Russ Roberts: Well, I think so much of it is--is that linearity that we presume. Right? It's just when you say that, which I think is--I think it's a profound insight into human limitation, but a lot of people in the field--you're unusual. A lot of people in the field that I run into and talk to casually, and when I'm out in Palo Alto in the summers at Stanford, have a utopian confidence that the future is imminent. And, if you press them as to why, they would say, 'Look how far we've come.' And I often think of the Nassim Taleb proverb from Venice, the Venetian proverb he likes to quote which I've mentioned recently: 'The farther from shore, the deeper the ocean.' And I think--the question is: How deep is that ocean? What are the limitations, if any? What I'm kind of dancing around here, not very effectively, is that I don't think it's a coincidence that so many of our technologies mimic primitive technologies. One reason is that they are culturally understandable and acceptable, those metaphors you are talking about. They are deeply embedded in us in all kinds of ways we don't fully appreciate. But maybe that's a big deal, not just a small deal. I look at my kids: I once gave my dad--my dad is 88. When he was about 78 I gave him an mp3 player pre-loaded with EconTalk episodes so he could hear what I was up to. And I mailed it to him. And he called me, and I said, 'Dad, how's it going?' And he said, 'Well, I can't turn it on.' And it came with a manual--a really horrible, one of those tiny, folded-up, thin paper manuals for a cheap mp3 player. And he couldn't read the manual, because nobody really reads the manual: they don't make any attempt to make it work well. But, of course, I bought one for myself, the same model, because I knew this could happen. And I handed it to my 7-year-old kid, and I said, you know, 'Turn this on.' And the kid, of course, he got it on in about 20 seconds by poking around and pushing things. And my dad just didn't have that, that skillset. And so, you wonder: As people grow up in worlds of modern technology with new advanced stuff, maybe the metaphors will change and they will be able to adapt to new things in a way that we oldsters couldn't or can't? Or is it just something about being human and the way our brains work and the way we perceive the physical world that's inevitably part of it?

Rodney Brooks: Yeah, I think you're right there. There's two separate things going on. One is we use these physical metaphors for everything because it's what we're sort of wired to understand. The other is technological adoption. You know, if you take a smartphone today, and you can get someone from 30 years ago and hand it to them, they wouldn't have a clue how to use it.

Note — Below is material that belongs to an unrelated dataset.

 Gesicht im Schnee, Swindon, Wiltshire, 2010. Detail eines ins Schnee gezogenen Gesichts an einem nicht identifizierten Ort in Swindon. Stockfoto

The reason smartphones worked when they came along--I think it was 2007--the reason they worked was people had gotten used to the idea of a touchscreen. Because touchscreens had started to show up--big touchscreens we selected a few things--in various ATMs [automatic teller machines] and airports, etc. But there were no touchscreens in the 1980s. I put personal--the very first touchscreen at Carnegie Mellon University in a research lab in 1988. So, things build upon stuff that is there. The new thing that we had to learn on touchscreens was the pinch and to expand--

Russ Roberts: It's sophisticated now.

Rodney Brooks: Yeah. But the other was just touching buttons. Oh, and by the way: that's just emulating the physical stuff.

Russ Roberts: Yep. It's the same thing.

Rodney Brooks: So, it builds, and it builds slowly. And, yeah. What could be that we can't imagine because we don't have the right metaphorical tools to deal with them; and so, if we ever were to meet up with another intelligent race from some other planet, I imagine their technology would be indistinguishable from magic to us; and our technology might be indistinguishable from magic to them. Because it would just be different in the way we thought about things.